Figure 8: decrease the reference number, not yet freed

Finally we make the size of the CMemoryProtector::ProtectedFree management structure larger than 0x186a0 forcing the freeing operation.

 Figure 9: field “TotalMemorySize” of st_ProtecFreeManageHeap is greater than threshold

The anchor element is now actually freed as shown in figure 10.

  Figure 10: object is in the free list now

From a researchers' point of view, deferred free created a few problems, one of the major ones being that the page heap feature may not work correctly. Page heap is a useful feature for debugging. When page heap is turned on, the system allows only one object in one memory page. Once this object is freed the whole page is marked as invalid. So the next time IE tries to access a freed object an invalid address exception would be raised. This mechanism is extremely helpful when researchers are trying to find use-after-free bugs.
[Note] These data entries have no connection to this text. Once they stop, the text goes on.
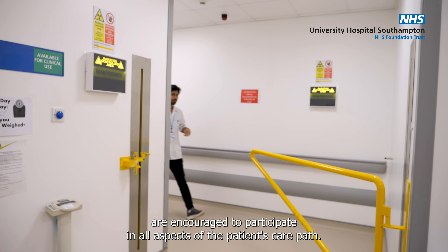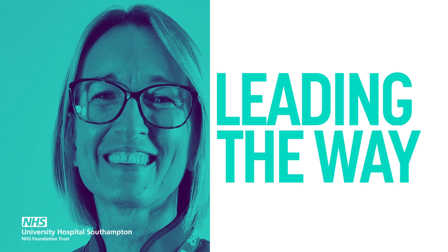We are committed to investing in our team to provide the best possible care and outcomes for our patients. We welcome radiographers who want to make a difference and embrace our values.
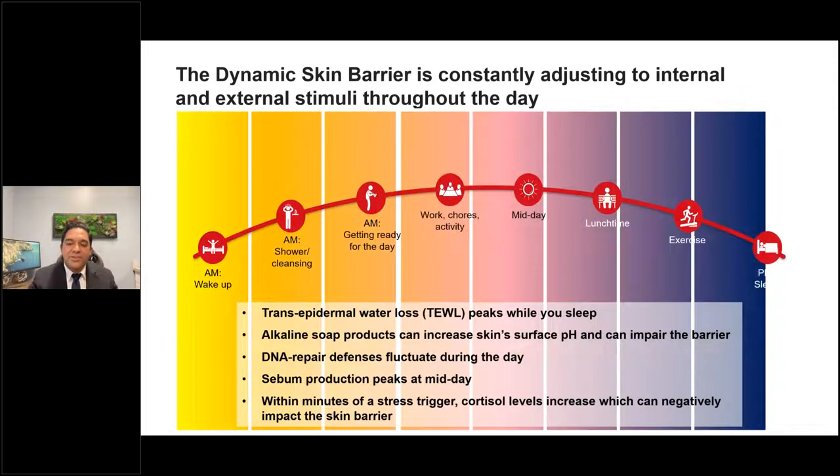Have we ever really thought about intraday variations? Did you know transepidermal water loss peaks while you sleep? Alkaline soap products can increase skin surface pH and impair the barrier. DNA repair defenses fluctuate during the day. Sebum production peaks at midday. Hormones are critical — changes in cortisol levels can have negative effects on skin. That's why people who are really stressed look sullen and dull. Patients are more stressed than ever before, and all of this really matters.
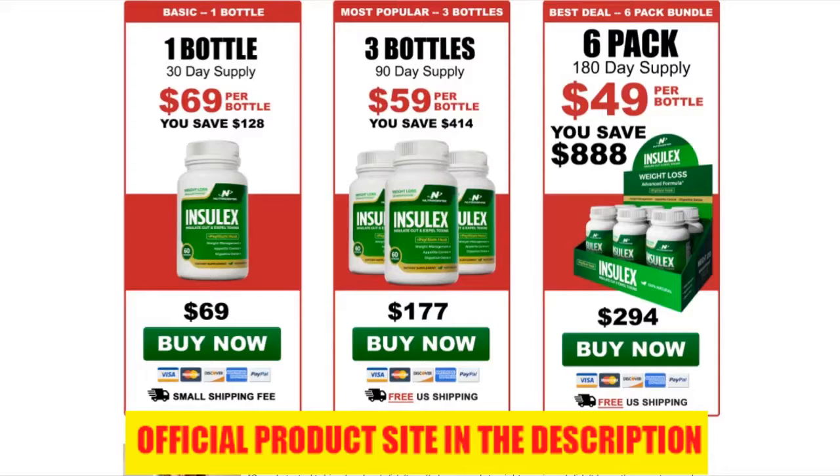Inselex supplement also helps in removing toxic substances from the digestive tract with better expulsion and elimination of waste. The recommended dosage helps create a natural barrier in the gut and digestive tract to make food absorption slower, making users want to eat less and feel fuller. It also helps in naturally eliminating waste and other toxins from the body effectively.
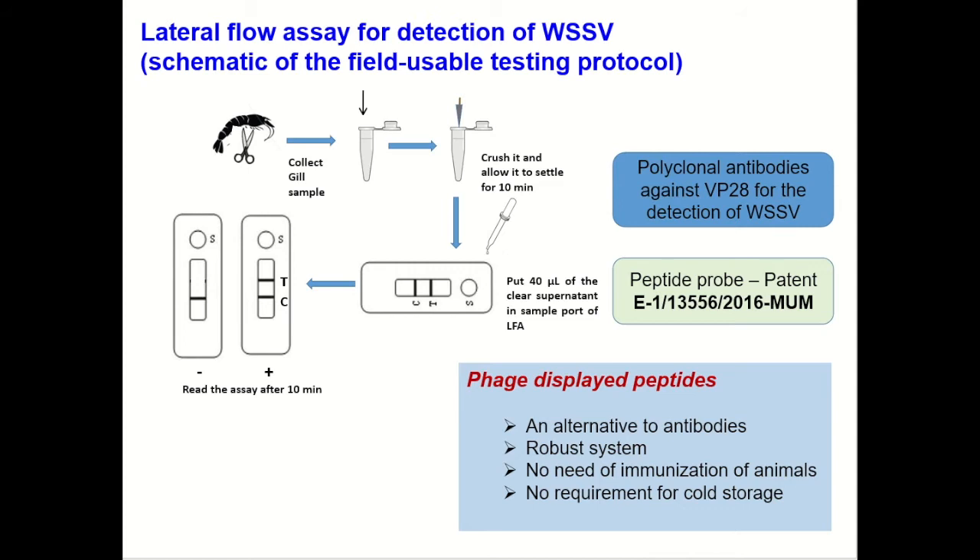We went on to develop a lateral flow assay for the detection of WSSV by employing polyclonal antibodies against the VP28 protein of the WSSV. We standardized the lateral flow assay, and during this work we realized that there were several hurdles in obtaining antibodies. Hence, we decided to use another technology — peptide phage display library — to obtain peptides that can work as an alternative to antibodies for the detection of WSSV. A patent based on the peptide probe isolated has already been submitted. These peptides, as biorecognition elements, were robust in nature.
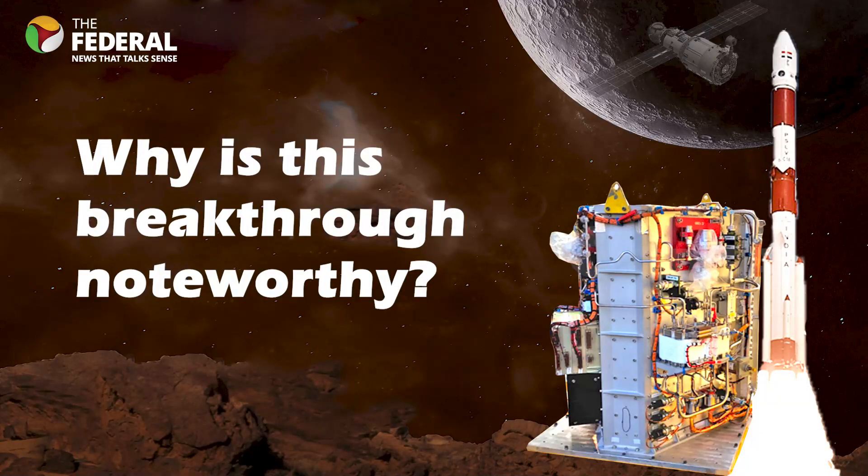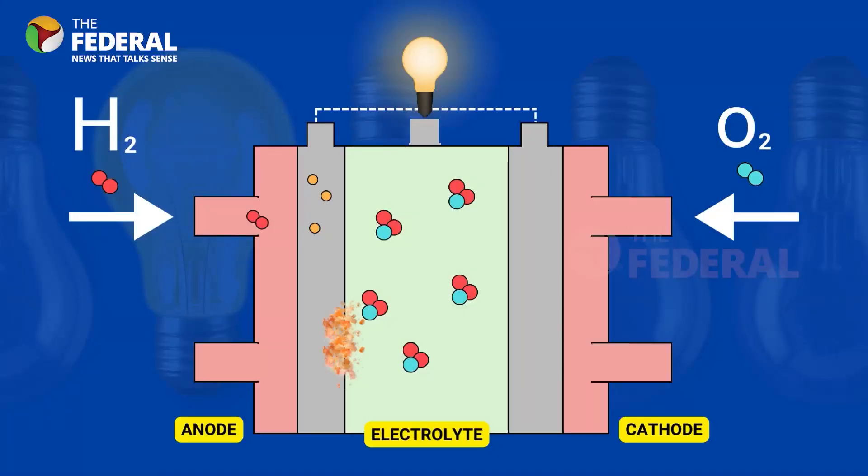Why is this breakthrough noteworthy? In the past, space missions heavily relied on alkaline fuel cells, known as AFC, to produce electricity, heat, and drinkable water. NASA used AFC during Apollo missions. However, AFCs have a downside — their electrolyte solution was quite corrosive, leading to shorter lifespan for their electrodes.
With the introduction of the deferred free patch the object is no longer truly freed, so the page still exists. In this situation the researcher is no longer able to determine whether a use-after-free behavior has occurred because no exception would be thrown out. To reduce the impact of the deferred free patch, a research may consider patching the mshtml.dll in memory. For example, you can call MemoryProtection::CMemoryProtector::UnprotectProcess before you perform any fuzzing tasks.

The recent patches and introduction of isolated heap and deferred free are strong signs that Microsoft plans to address the fundamentals of use-after-free exploitation in a preventative manner rather than to passively patch the vulnerabilities as they are discovered. From the results of our research, applications of such methods can effectively stop unpatched use-after-free attacks. It can also make the exploitations of heap overflows or type confusion bugs significantly more difficult. But this is not the end.

For the foreseeable future, Microsoft may introduce more defensive mechanisms against use-after-free bugs or even heap fengshui to reduce the risk of being exploited. Could it be game over for use-after-free exploitation, or it is just the beginning of another cat and mouse game? Time will tell.